Work required
When you reach the line containing "Property photo of" in the records below, start copying exactly, and stop once you have copied the line containing "Jesper Lindstromboyu ve yaşı kaç".

Supplied records
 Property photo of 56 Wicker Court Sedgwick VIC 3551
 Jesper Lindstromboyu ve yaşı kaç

* * *

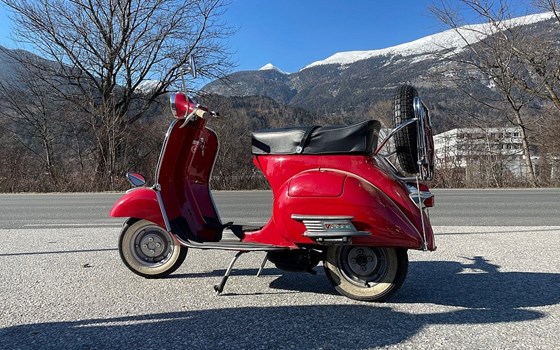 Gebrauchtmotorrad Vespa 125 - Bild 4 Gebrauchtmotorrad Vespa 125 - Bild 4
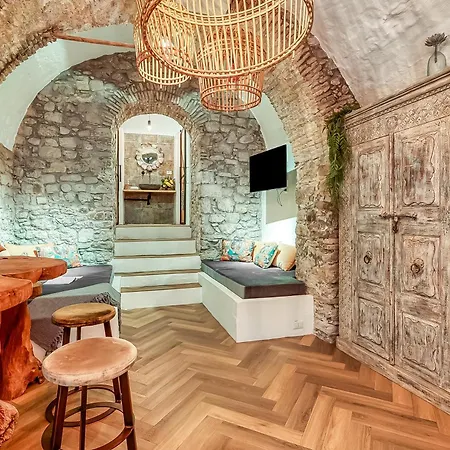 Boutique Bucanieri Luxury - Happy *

Task result
 Property photo of 56 Wicker Court Sedgwick VIC 3551
 Jesper Lindstromboyu ve yaşı kaç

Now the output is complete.